The new chairman of embattled Chinese chip conglomerate Tsinghua Unigroup promised a “new start” for the firm in an open letter to staff.
In his first public comments since formally taking over Unigroup on Monday, Chairman Li Bin wrote the firm would start its new era under his leadership by paying back its creditors and reducing its debt ratio.
Li also wrote that the chip firm would “go into battle” by studying the domestic and foreign competition.
Li criticized management under its former owner, Zhao Weiguo, who drove the company into debt while building a conglomerate.

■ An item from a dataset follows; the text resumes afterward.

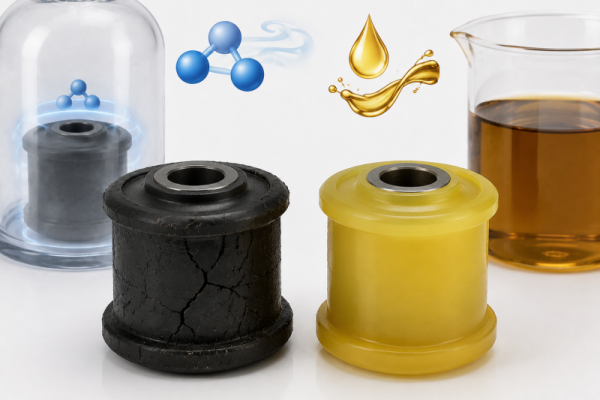 Rubber Bushings vs Polyurethane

Tsinghua Unigroup said in a market filing that it had completed a restructuring plan that officially placed it under the ownership of a financial vehicle controlled by Jianguang Asset Management, Wise Road Capital, and several state-affiliated funds.

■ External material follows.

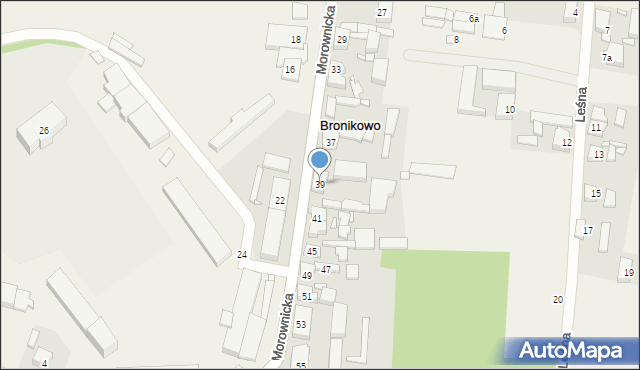 Bronikowo, Morownicka, 39, mapa Bronikowo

Li Bin controls both Wise Road Capital and Jianguang Asset Management.
Wise Road was behind the failed $1.4 billion purchase of US-listed chipmaker Magnachip, which fell apart due to regulatory scrutiny.
Originating as a branch of China’s prestigious Tsinghua University, Tsinghua Unigroup emerged in the previous decade as a would-be domestic champion for China’s laggard chip industry.
However, the firm fell into debt under the previous chairman Zhao, prompting it to default on several bond payments in late 2020 and eventually faced bankruptcy.